Editor's note: The "Indo-Pacific" and "economic security" are being featured as separate topics for the first time at the G7 summit in Hiroshima, Japan. The move is considered to be backing the U.S. intent to target China. CGTN Opinions, collaborating with special commentator Danny Haiphong, conducted an interview with George Galloway, leader of the Workers Party of Britain and former British Member of Parliament, who shared his opinions on the topic. The views expressed in the video are his own and not necessarily those of CGTN.

The G7 summit starts on May 19 in Hiroshima, Japan. Recently, U.S. President Joe Biden announced that there would be investment curbs proposed to the G7 against China. There's been a threatening of expansion of sanctions by the EU on China as well. But some European leaders, such as French President Emmanuel Macron, have stressed strategic autonomy and independence from the U.S. in its position on China.

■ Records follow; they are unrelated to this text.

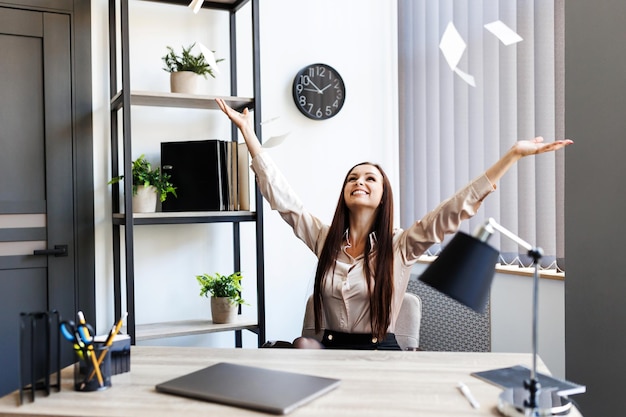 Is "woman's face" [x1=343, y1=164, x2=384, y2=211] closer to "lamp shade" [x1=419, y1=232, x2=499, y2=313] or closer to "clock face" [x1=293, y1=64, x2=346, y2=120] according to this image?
"clock face" [x1=293, y1=64, x2=346, y2=120]

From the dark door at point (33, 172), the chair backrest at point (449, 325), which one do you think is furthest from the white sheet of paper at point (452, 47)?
the dark door at point (33, 172)

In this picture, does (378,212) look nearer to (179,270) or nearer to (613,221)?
(613,221)

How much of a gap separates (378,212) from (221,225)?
3.43 ft

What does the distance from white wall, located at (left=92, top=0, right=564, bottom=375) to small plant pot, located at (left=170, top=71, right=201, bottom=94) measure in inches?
8.5

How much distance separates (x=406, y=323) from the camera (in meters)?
2.57

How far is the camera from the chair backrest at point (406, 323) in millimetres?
2547

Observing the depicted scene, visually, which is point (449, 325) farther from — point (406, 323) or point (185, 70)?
point (185, 70)

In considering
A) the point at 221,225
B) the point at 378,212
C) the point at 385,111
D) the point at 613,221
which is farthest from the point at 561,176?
the point at 221,225

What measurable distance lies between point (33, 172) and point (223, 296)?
107cm

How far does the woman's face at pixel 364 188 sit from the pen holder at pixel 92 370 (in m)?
1.32

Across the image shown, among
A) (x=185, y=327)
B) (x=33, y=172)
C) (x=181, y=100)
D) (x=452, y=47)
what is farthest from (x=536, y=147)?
(x=33, y=172)

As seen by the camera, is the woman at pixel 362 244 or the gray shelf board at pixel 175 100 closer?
the woman at pixel 362 244

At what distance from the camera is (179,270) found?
3.20m

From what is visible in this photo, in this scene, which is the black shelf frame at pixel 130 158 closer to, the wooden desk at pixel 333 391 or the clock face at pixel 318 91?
the clock face at pixel 318 91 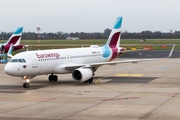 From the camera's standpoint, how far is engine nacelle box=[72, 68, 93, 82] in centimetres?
3231

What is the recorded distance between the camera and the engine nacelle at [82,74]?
32.3 meters

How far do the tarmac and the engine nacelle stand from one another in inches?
32.6

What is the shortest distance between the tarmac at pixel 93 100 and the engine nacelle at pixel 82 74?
2.71 ft

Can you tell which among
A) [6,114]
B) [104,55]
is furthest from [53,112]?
[104,55]

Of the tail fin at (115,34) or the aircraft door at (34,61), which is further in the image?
the tail fin at (115,34)

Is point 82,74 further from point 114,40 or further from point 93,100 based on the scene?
point 114,40

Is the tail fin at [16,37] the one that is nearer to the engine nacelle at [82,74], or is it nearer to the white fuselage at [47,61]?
the white fuselage at [47,61]

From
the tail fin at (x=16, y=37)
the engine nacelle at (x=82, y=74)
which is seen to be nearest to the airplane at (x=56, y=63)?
the engine nacelle at (x=82, y=74)

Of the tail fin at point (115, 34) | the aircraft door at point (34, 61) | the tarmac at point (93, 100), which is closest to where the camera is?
the tarmac at point (93, 100)

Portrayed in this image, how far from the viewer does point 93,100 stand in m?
24.6

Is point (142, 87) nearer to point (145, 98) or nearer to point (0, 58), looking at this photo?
point (145, 98)

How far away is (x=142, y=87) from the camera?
31.0 m

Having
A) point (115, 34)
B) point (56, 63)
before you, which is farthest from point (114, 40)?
point (56, 63)

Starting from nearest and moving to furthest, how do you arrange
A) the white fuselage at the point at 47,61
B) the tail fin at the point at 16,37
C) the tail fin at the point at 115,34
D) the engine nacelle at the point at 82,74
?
the white fuselage at the point at 47,61 < the engine nacelle at the point at 82,74 < the tail fin at the point at 115,34 < the tail fin at the point at 16,37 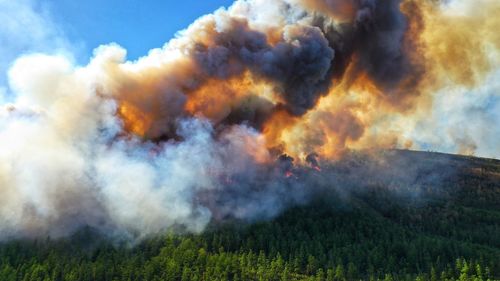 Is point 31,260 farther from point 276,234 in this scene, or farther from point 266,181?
point 266,181

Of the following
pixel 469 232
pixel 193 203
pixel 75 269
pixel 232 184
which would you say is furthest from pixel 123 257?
pixel 469 232

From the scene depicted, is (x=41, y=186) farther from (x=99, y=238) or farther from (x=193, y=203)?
(x=193, y=203)

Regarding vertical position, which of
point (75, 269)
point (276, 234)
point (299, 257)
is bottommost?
point (75, 269)

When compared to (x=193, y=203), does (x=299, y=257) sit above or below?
below

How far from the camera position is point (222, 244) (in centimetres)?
12025

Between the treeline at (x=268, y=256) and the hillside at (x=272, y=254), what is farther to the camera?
the hillside at (x=272, y=254)

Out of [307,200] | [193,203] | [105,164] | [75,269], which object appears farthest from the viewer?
[307,200]

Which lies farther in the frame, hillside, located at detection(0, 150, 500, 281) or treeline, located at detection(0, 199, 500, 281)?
hillside, located at detection(0, 150, 500, 281)

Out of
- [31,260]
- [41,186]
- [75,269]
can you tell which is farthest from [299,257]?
[41,186]

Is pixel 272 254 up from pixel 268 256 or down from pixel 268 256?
up

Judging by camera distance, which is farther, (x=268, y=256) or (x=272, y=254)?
(x=268, y=256)

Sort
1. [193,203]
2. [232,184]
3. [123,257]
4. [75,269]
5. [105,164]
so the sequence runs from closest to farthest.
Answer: [75,269]
[123,257]
[105,164]
[193,203]
[232,184]

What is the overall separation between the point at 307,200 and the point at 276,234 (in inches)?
1676

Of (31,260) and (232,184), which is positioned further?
(232,184) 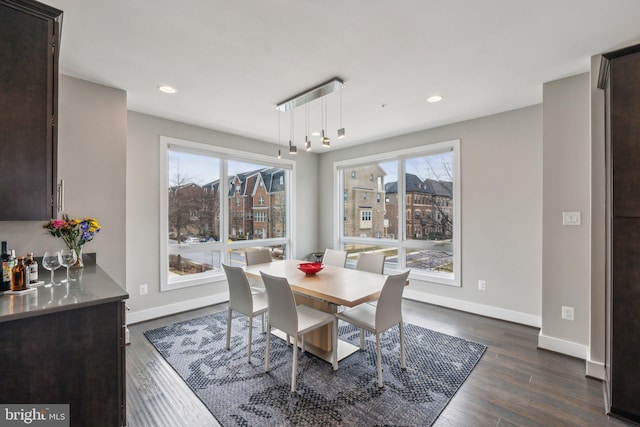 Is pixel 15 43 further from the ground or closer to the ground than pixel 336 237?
further from the ground

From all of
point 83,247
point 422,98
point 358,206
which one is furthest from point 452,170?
point 83,247

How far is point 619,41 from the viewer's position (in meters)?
2.14

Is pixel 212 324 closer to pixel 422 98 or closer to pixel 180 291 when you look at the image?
Answer: pixel 180 291

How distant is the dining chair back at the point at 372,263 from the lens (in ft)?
10.8

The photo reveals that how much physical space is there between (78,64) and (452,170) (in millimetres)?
4340

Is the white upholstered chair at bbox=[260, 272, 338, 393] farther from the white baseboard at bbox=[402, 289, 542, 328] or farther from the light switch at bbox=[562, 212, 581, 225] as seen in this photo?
the light switch at bbox=[562, 212, 581, 225]

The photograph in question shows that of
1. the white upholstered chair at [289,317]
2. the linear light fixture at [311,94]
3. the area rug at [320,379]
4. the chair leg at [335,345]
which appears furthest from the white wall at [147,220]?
the chair leg at [335,345]

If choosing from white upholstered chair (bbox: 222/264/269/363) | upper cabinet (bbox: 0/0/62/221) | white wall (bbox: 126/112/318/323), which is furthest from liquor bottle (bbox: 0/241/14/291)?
white wall (bbox: 126/112/318/323)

Danny Haiphong: What is your take on the divides between Europe and the U.S.? And do you feel like this unity against China is real or fake?

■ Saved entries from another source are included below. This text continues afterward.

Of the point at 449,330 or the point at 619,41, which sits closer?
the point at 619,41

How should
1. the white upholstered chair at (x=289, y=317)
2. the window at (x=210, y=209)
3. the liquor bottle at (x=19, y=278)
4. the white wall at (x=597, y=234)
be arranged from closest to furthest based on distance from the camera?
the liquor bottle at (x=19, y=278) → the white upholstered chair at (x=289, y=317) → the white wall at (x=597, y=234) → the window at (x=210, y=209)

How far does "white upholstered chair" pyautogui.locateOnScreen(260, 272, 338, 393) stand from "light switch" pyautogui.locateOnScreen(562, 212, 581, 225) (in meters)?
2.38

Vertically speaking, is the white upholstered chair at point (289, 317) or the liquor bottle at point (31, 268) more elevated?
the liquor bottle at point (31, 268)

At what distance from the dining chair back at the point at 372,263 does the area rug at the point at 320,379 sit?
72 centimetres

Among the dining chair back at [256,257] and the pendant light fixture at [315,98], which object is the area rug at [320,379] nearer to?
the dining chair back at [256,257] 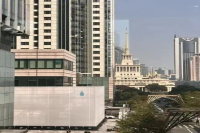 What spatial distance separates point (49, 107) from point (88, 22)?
2819 centimetres

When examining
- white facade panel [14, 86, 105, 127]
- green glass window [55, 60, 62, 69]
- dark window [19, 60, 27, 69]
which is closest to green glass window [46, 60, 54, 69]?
green glass window [55, 60, 62, 69]

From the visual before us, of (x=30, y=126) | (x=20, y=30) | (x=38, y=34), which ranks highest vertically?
(x=38, y=34)

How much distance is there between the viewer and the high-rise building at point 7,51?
46.9ft

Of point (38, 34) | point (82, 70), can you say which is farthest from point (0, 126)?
point (82, 70)

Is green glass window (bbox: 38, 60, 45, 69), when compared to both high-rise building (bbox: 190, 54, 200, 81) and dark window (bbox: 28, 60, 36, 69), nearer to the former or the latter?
dark window (bbox: 28, 60, 36, 69)

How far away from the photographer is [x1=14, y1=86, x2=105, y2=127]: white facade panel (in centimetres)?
2381

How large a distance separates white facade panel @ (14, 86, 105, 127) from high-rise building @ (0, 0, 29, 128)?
8101 millimetres

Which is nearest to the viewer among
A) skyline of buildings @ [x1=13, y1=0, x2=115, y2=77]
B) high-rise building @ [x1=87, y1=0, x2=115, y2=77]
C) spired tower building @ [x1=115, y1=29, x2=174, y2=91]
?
skyline of buildings @ [x1=13, y1=0, x2=115, y2=77]

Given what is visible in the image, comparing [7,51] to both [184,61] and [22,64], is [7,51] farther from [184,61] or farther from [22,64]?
[184,61]

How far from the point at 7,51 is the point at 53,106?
32.1 ft

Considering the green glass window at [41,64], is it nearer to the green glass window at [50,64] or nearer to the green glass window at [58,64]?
the green glass window at [50,64]

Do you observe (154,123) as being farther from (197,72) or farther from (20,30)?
(197,72)

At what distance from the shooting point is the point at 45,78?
2581cm

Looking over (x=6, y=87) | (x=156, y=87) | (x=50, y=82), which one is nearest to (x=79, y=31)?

George Galloway: The G7, as you imply, just like the EU and NATO, are divided over the issue of China. The NATO spokesman said that NATO is not preparing joint military plans to deal with China. I quote "only some members of the alliance are doing that," which on one level was alarming enough that NATO should reveal that some members of the alliance are doing so, but also revealing that some of them don't want anything to do with that. We'll see what the G7 actually decides.

But the EU is divided, NATO is divided, the G7 is divided. We are talking about countries whose economies are completely on the floor. I've been in several European capitals in the last few weeks, and I'm genuinely sorry to tell you that Europe is falling if it has not already fallen.

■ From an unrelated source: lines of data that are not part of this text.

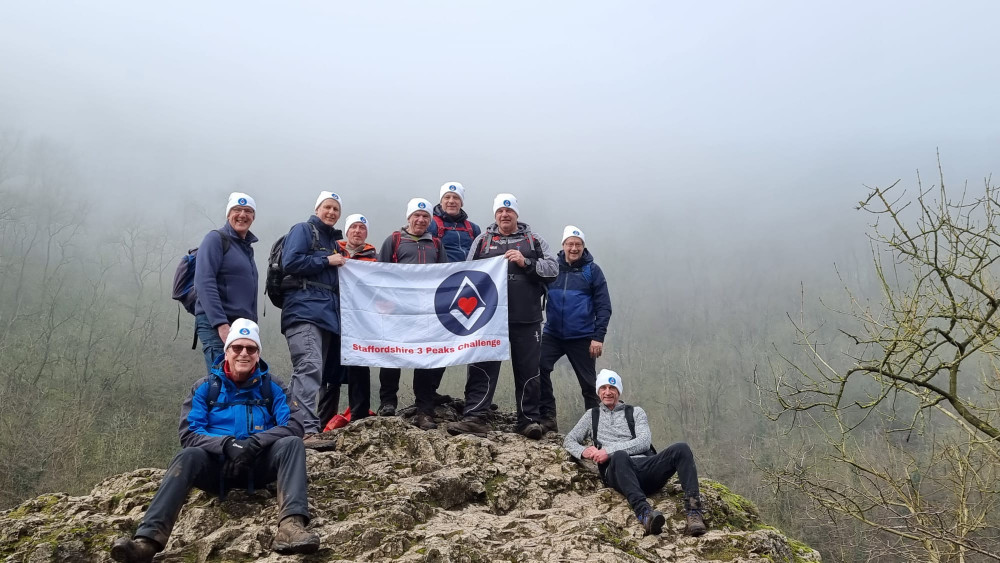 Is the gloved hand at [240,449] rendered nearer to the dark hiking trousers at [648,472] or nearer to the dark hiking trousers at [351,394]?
the dark hiking trousers at [351,394]

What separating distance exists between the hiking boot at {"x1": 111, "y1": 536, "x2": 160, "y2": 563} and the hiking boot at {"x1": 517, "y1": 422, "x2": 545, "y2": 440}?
15.0 feet

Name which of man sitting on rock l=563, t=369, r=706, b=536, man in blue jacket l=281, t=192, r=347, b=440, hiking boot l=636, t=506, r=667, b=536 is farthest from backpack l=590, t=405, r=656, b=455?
man in blue jacket l=281, t=192, r=347, b=440

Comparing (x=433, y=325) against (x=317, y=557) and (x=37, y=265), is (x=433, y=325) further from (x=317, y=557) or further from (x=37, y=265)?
(x=37, y=265)

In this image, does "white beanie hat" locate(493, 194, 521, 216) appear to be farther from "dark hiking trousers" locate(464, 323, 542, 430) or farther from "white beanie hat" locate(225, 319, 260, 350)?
"white beanie hat" locate(225, 319, 260, 350)

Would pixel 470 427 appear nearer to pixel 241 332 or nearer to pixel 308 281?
pixel 308 281

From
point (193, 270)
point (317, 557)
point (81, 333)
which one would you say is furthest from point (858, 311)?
point (81, 333)

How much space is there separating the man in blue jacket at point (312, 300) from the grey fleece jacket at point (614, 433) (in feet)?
9.14

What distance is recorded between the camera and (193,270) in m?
6.83

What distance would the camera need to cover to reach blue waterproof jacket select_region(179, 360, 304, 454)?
4.91 m

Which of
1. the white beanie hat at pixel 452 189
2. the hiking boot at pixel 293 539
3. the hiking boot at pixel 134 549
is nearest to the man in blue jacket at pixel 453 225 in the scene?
the white beanie hat at pixel 452 189

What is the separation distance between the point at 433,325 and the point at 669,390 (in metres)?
61.2

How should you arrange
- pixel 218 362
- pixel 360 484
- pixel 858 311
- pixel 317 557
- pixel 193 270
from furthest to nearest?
1. pixel 858 311
2. pixel 193 270
3. pixel 360 484
4. pixel 218 362
5. pixel 317 557

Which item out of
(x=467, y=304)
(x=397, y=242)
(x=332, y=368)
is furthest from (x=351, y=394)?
(x=397, y=242)

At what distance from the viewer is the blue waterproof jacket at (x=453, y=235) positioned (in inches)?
357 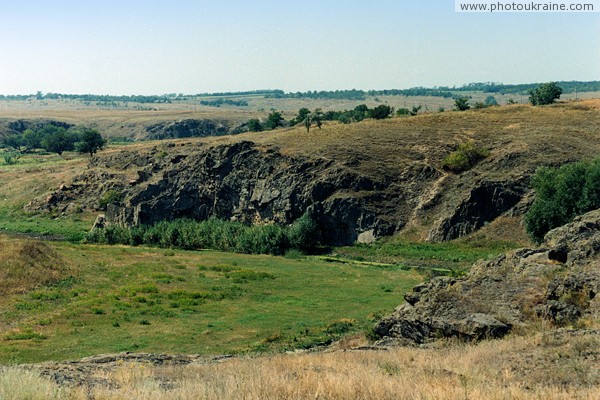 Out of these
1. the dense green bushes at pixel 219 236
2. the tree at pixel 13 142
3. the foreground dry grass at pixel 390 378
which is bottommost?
the dense green bushes at pixel 219 236

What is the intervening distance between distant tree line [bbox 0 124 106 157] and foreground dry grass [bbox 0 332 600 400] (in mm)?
107050

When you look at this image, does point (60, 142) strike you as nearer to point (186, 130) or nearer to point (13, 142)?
point (13, 142)

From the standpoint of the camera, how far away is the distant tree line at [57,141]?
118m

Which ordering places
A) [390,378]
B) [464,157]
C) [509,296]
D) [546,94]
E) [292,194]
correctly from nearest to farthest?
[390,378]
[509,296]
[464,157]
[292,194]
[546,94]

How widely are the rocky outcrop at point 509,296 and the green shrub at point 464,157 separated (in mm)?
49125

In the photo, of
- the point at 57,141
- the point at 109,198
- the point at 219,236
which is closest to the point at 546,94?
the point at 219,236

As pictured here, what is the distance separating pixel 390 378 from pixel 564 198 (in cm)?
4232

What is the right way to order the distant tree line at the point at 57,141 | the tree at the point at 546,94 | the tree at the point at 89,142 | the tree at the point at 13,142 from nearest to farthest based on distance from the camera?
the tree at the point at 546,94, the tree at the point at 89,142, the distant tree line at the point at 57,141, the tree at the point at 13,142

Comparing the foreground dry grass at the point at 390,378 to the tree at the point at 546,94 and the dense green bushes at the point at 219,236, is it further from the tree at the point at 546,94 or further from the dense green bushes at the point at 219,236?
the tree at the point at 546,94

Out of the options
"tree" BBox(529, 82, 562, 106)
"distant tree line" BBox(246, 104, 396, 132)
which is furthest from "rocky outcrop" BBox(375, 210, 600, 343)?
"tree" BBox(529, 82, 562, 106)

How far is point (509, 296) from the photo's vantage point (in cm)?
2181

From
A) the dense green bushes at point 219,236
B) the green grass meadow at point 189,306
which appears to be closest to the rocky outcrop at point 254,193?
the dense green bushes at point 219,236

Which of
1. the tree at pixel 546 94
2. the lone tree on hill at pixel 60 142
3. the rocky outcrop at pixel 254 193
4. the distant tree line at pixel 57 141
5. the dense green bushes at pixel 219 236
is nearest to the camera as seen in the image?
the dense green bushes at pixel 219 236

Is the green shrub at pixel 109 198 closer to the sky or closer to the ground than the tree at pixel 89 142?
closer to the ground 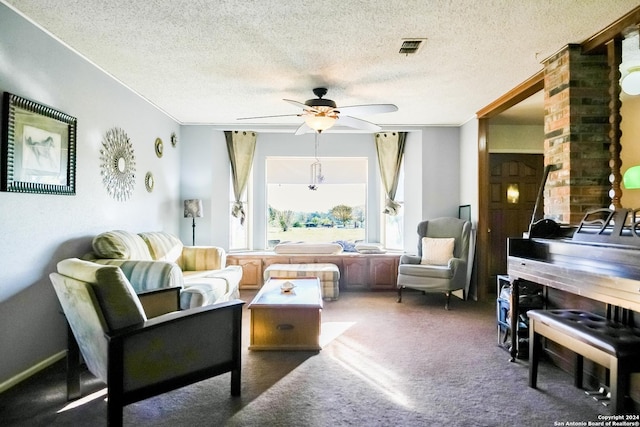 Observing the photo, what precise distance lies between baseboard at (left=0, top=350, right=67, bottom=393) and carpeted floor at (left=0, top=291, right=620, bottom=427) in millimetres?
54

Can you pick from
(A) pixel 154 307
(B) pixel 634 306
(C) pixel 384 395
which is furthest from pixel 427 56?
(A) pixel 154 307

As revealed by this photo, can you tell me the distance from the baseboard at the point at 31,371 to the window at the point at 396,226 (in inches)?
186

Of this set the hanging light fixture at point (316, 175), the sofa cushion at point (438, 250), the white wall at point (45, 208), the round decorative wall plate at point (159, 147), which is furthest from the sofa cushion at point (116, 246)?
the sofa cushion at point (438, 250)

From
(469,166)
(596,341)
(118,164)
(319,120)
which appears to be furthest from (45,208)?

Danny Haiphong: I want your take on this new word being used by European officials. They don't want to say "decoupling" from China; now they're saying "de-risking." What's your take on this term "de-risking"?

George Galloway: I am afraid that changing "decoupling" to "de-risking" is if anything even more insulting to China. Either way you dice it, dealing with China is the least risky thing you could possibly do with your money and your business. China's economy is vaulting forward. It will have at least four times the rate of growth of the U.S.'s economy this year and five times the rate of growth of many of the European economies.

The Western economies are dependent on China. If China stopped exporting its products to us, there would be riots on every street in the so-called Western world because all the things that we need to live are coming from China. China holds all the cards and that's what the U.S. is afraid of. They want China on its knees, a China that is standing up and increasingly towering over them is exactly the China they don't want to see.

Danny Haiphong: Speaking of cards, it feels like there are several countries in the Asia-Pacific region playing certain cards with the U.S. right now. There have been talks in the Western media of a trilateral military alliance between the U.S., Japan and South Korea, ostensibly to curb the "nuclear threats" with the DPRK. What do you make of this development?

George Galloway: Trying to yoke Japan and South Korea into a war alliance against China will be a very tough task. It is exceedingly worrying to people like me with a long memory of what it means to have Japan armed and encouraged to rediscover militarism again. I am sure China has a very close eye on what's happening in Japan.

I call on the people of Japan to reject this path. Japan was devastated and could have been destroyed in nuclear conflict. Please don't court it again because that's what the United States will have you do.